Of the largest 51 metros, New Orleans, Memphis, Miami, Los Angeles, Buffalo, Las Vegas and Providence have the highest percentage of singles, all over 55%.

It's true that if you look at certain data from both the U.S. Census Bureau and the Bureau of Labor Statistics, those are the results you'll get - the majority of American adults are single. However, there is a basic flaw in Miller's, Yardeni's and Mellander's approach. Many singles are not single, but rather cohabitating, living as unmarried couples. And the data Miller, Yardeni and Mellander used failed to account for that.

Our company dug deeper into data at the U.S. Census Bureau to account for unmarried couples. Here's what the data shows by age groups if you don't account for cohabitating couples, that the majority are single.

However, our analysis found that unmarried, cohabitating couples compose 6% of the otherwise classified single adult population. So the singles drop to only 44% of the population. Married and cohabitating couples still account for the majority of the U.S. adult population. Here's what that breakdown looks like:

So this just goes to show you can't believe everything you read, even when it comes from a respected source such as Bloomberg and Professor Mellander.

Regardless of whose data you use, the simple fact is the percentage of the population that is single is growing. So why is there a decline in the marriage rate? One reason is that adults are marrying later in life.
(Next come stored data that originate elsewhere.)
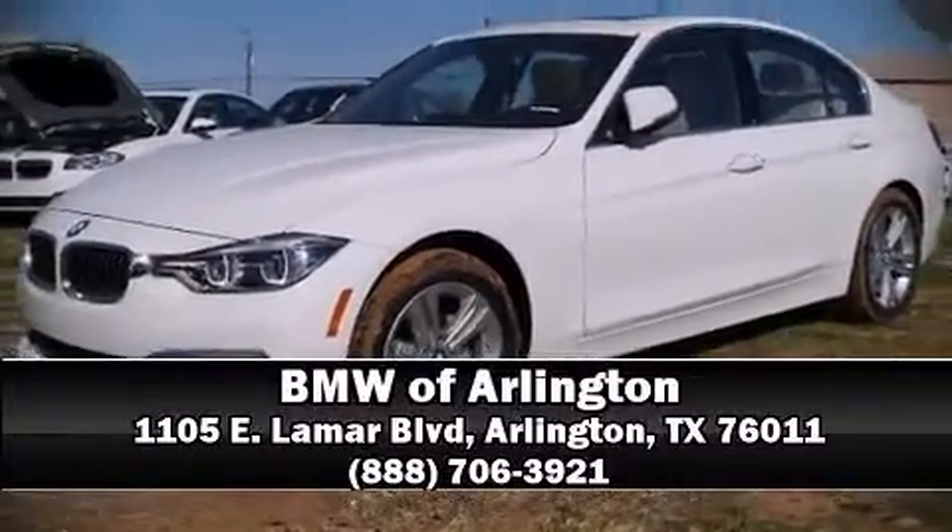Our sales reps are knowledgeable and professional. Please don't hesitate to give us a call.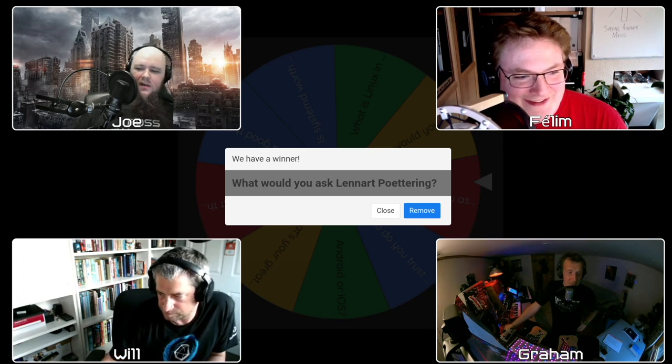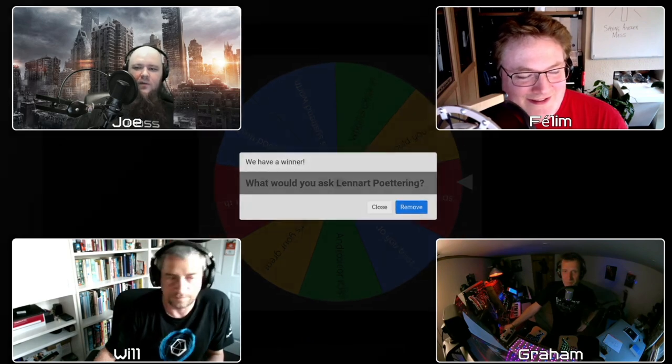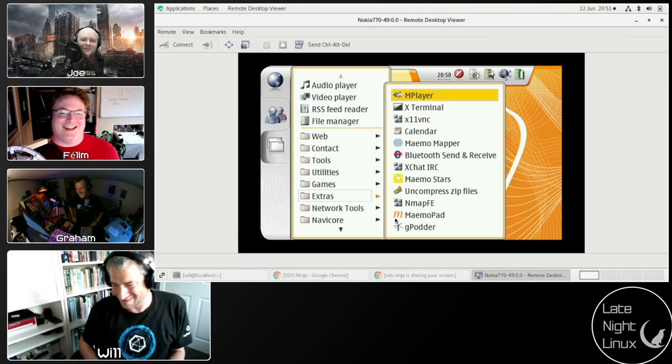Thank you everyone for watching. Stick around for the Ubuntu Podcast coming up next. Until Monday when the next episode comes out — which hasn't been edited yet, so that's going to be a fun weekend. I've been Joe, I've been Phelan, I've been Graham, and I've been Will. Oh — it looks like the Nokia 770 has connected! See you later, bye everyone.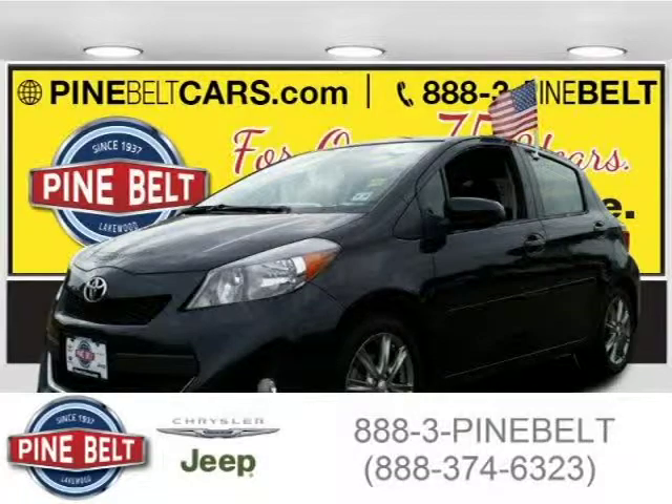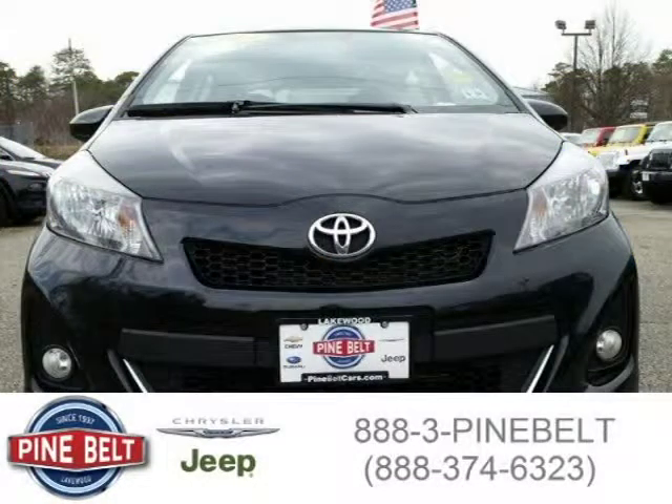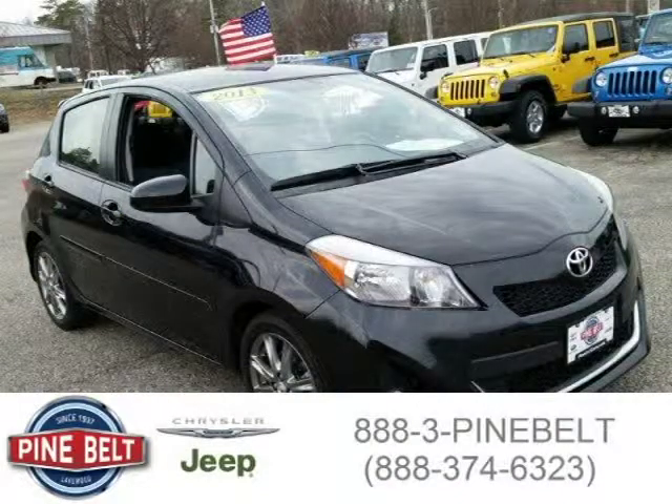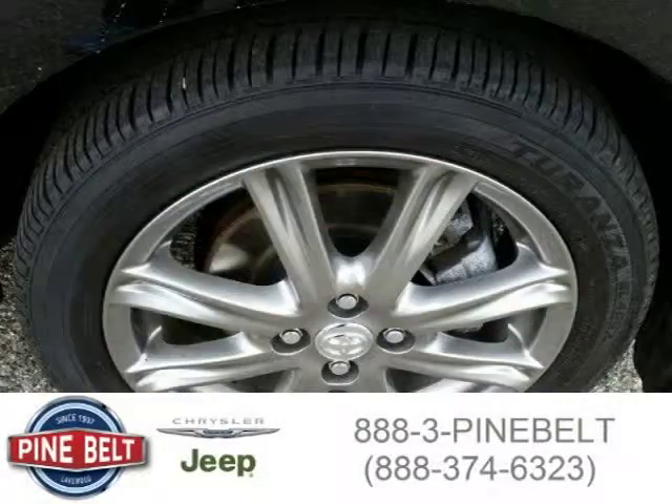This 2013 Toyota Yaris Hatchback is located in Lakewood, serving Toms River, New Jersey, and has 31,760 miles on it. This hatchback has a beautiful black sand pearl exterior paint color, which is complemented by a dark gray interior color. For more information on this great hatchback, please click the link below.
The median age at first marriage is now 27 for women and 29 for men, up from 20 for women and 23 for men in 1960. Another reason is that the share of adults cohabiting is increasing. About a quarter (24%) of never-married young adults ages 25 to 34 are living with a partner. But even factoring in co-habiting couples, the number of singles is still on the rise. According to the report by PewResearch, when Millennials reach their mid-40s to mid-50s, approximately 25% of them (a record high share) will most likely still be single.

And when PEW surveyed Americans, they found that the most important and number one quality that three-quarters (78%) of never-married women say they want in a partner is a husband with a steady job. When women do decide to marry, they are making a very rational economic decision.

Finding a man with a steady job is more difficulty than it used to be, especially due to the recent recession and continuing high unemployment rate. According to PEW's analysis, there are only 91 employed men per 100 women in the 25-to-34 age group, down from 139 in 1960. Even worse, many of today's employed young men have low-paying and unstable jobs, making them unattractive marriage partners.

What does all this mean to location-based entertainment venues? Undoubtedly it means that they have to recognize that the composition of the population is shifting and singles of all ages are now and will increasingly be an important target market to attract.